Ancient human DNA also caused a similar state of confusion, initially. The evidence confounded a tidy out-of-Africa hypothesis, in which humans left Africa and sequentially moved through the rest of the continents. In fact, ancient human DNA has revealed, different populations may have left Africa at different times and perhaps even returned. And in most places on Earth, the people who live there have been serially replaced by other groups, over and over. Other populations met dead ends and went extinct. The same appears to have happened with hepatitis B.

The truly surprising takeaway, says Krause-Kyora, an author on one of the studies, is how diverse old hepatitis B lineages once were. The virus has only a fraction of that diversity today.

Willerslev, the lead author on the other study, suggested that this past diversity may be a clue for scientists trying to predict what could happen with hepatitis B in the future. “It provides a catalog of possible mutations this virus has had that have been viable in the past, and obviously some of those mutations could come back,” he said at a press briefing.

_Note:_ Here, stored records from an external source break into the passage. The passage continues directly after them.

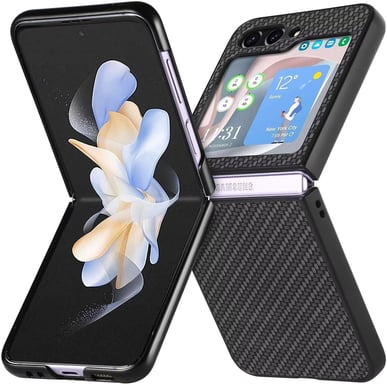 Samsung Galaxy Z Flip 5 5G carcasa estilo carbono negro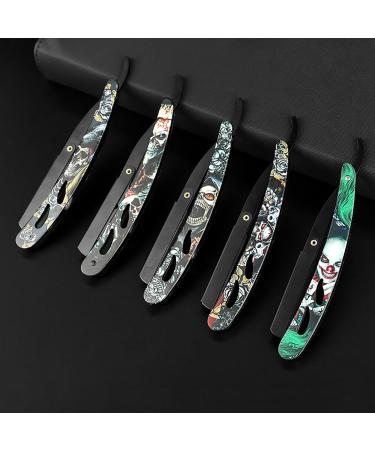 Ghost Shaving Knife - Single Edge Dual Blade Razor for Beard Face Body & Eyebrow | Foldable SUS Black Shaver | Includes 20 Blades | Ideal for International Shipping - Buy Online on GoSupps.com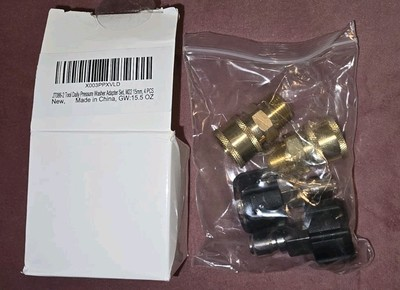 #ad Pressure Washer Adapter Set Quick Connect Kit Metric M22 15mm Female to M22... $15.07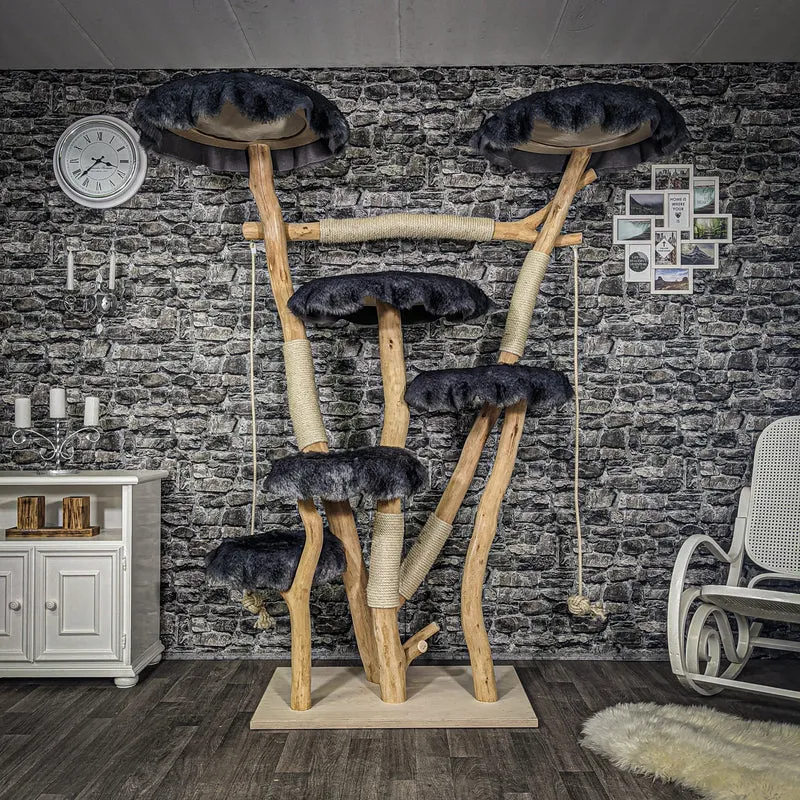 Naturkratzbaum 2216 Kratzbaum Natur Holz Design 205 cm hoch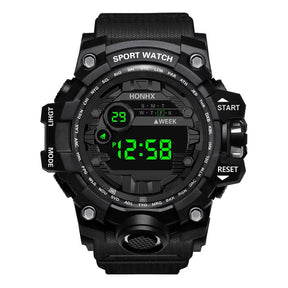 YIKAZE-Relógio desportivo militar preto masculino, relógios digitais, impermeável, contagem regressiva, data, LED, relógio de pulso eletrônico, relógio, Y12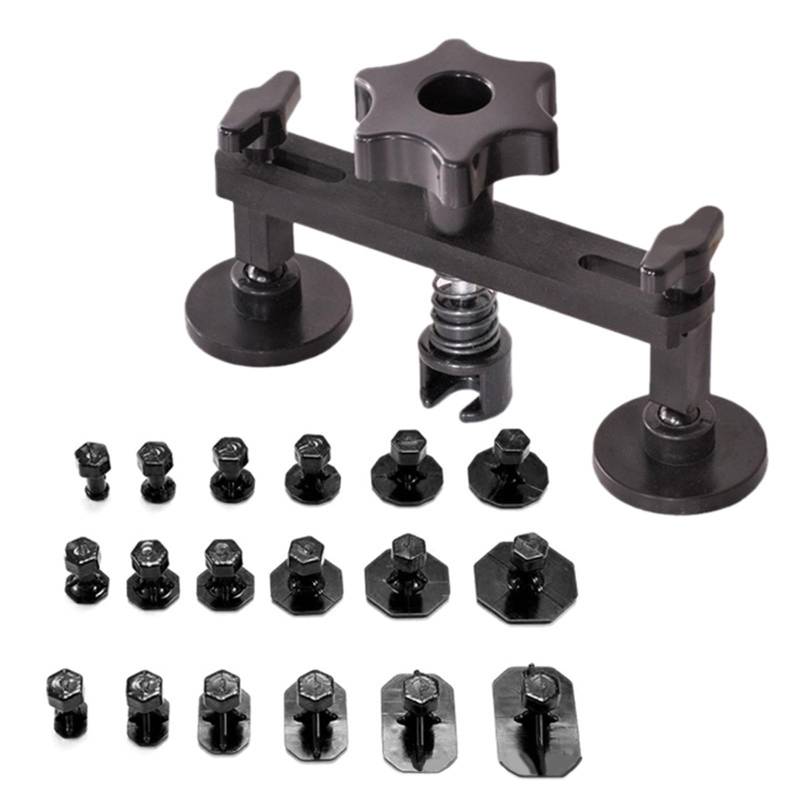 TOWARDSNAN Auto Body Dent Pullers Auto Dent Puller Mit Doppelstangen Brücken Dent Abziehern Und 18 Pcs Ziehen Laschen Reparatur Dent Reparatur von TOWARDSNAN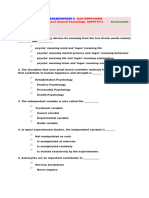 Advanced General Psychology- I(SPPY101)   -  Assessment - 1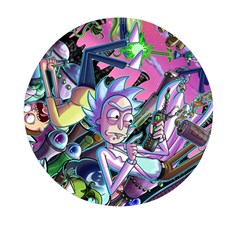 Rick And Morty Time Travel Ultra Mini Round Pill Box (pack Of 5) by Salman4z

The prevalence of hepatitis varies widely across the world (ranging from 0.01 percent in the United Kingdom to 22.38 percent in South Sudan), but in total, complications arising from it kill nearly 900,000 people a year.

It might even be possible eventually, says Hendrik Poinar, an ancient DNA researcher who was not involved in the studies, to resurrect these ancient hepatitis B viruses and test them in mice to see exactly how they affected the body. Were the ancient viruses more virulent? Or milder? Did they have a different course of disease entirely?

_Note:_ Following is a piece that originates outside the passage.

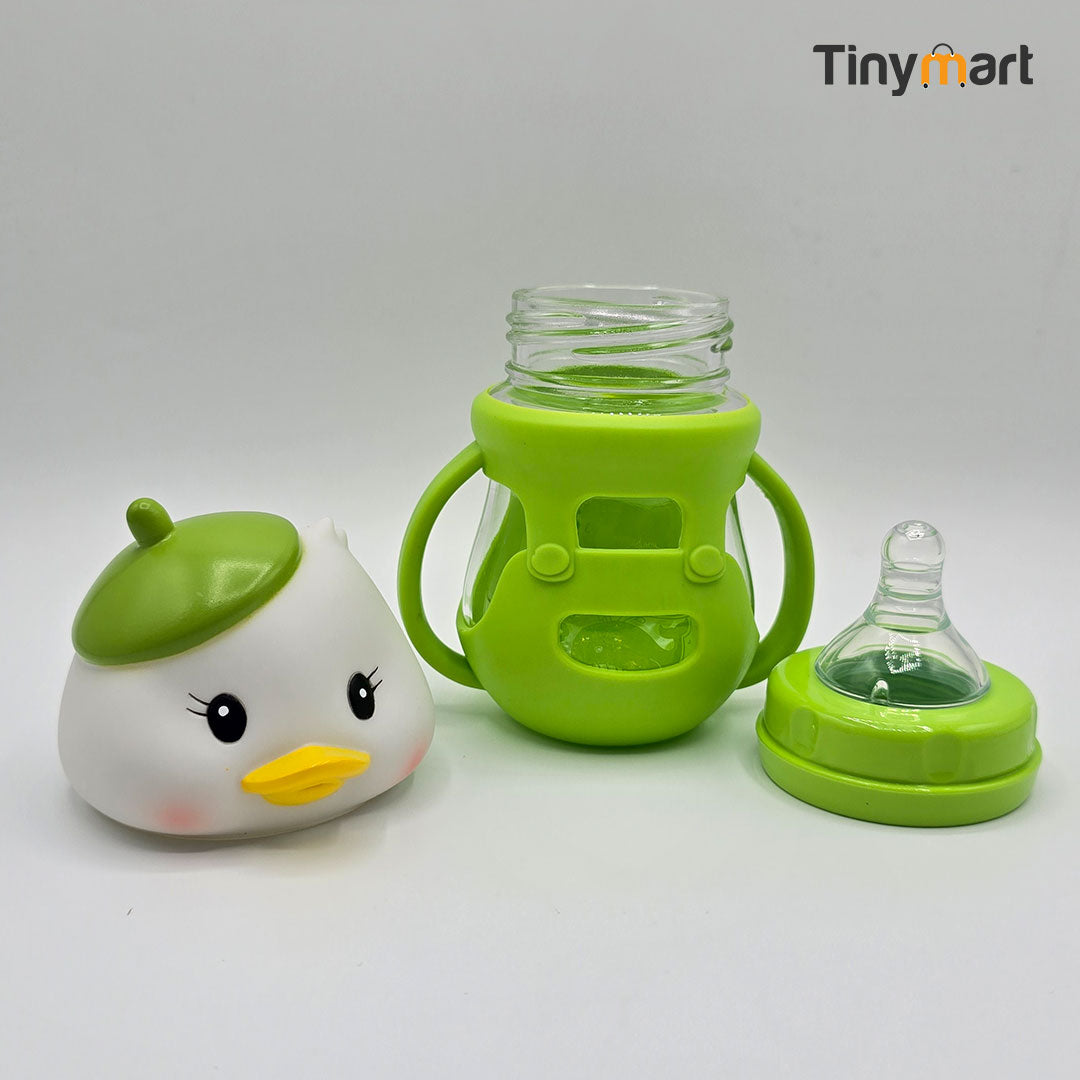 FishBaby Glass Feeding Bottle 150ML 6-OZ Wide Neck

Both Willerslev’s and Krause-Kyora’s teams chose to study hepatitis B for the same reasons: The virus’s genetic material is composed of DNA rather than RNA, which makes it possible to detect through standard ancient DNA sequencing methods. And it is a chronic infection, meaning the virus stays in the body—including the bones and teeth that ancient DNA researchers study.

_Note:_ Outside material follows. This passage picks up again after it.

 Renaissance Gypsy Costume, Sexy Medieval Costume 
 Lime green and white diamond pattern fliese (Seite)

But they now have other viruses in sight: herpes, adenoviruses that cause colds, poxviruses. It takes some extra work to extract viral genomes, but bits of viral DNA have been present in what Willerslev calls the “waste product” of ancient sequences all along. When scientists sequence ancient DNA, they actually sequence all of the DNA in a sample—human, bacterial, viral—in one fell swoop. Then they put the fragmented DNA pieces together like a jigsaw puzzle. If you’re only interested in human DNA, that means discarding the bacterial and viral stuff. Now scientists are realizing the “waste product” may hold insights, too. If human DNA can reveal who the long-dead are, pathogen DNA can reveal how they lived, how they suffered, and perhaps how they died. It may also reveal contacts between populations that exchanged diseases but did not interbreed.

Willerslev says they are now going back and looking for pathogens in the old samples they had analyzed only for human DNA. “I can say 10 percent of the samples of the individuals have kind of nasty pathogens ... when we use teeth you also find some 50 percent of individuals have all kinds of oral infection that you might not die of but is not nice to have,” he says. “The picture that emerges from this line of work is that a lot of people were running around with diseases in the past. And it certainly kind of cracked my romantic picture of the Bronze Age.”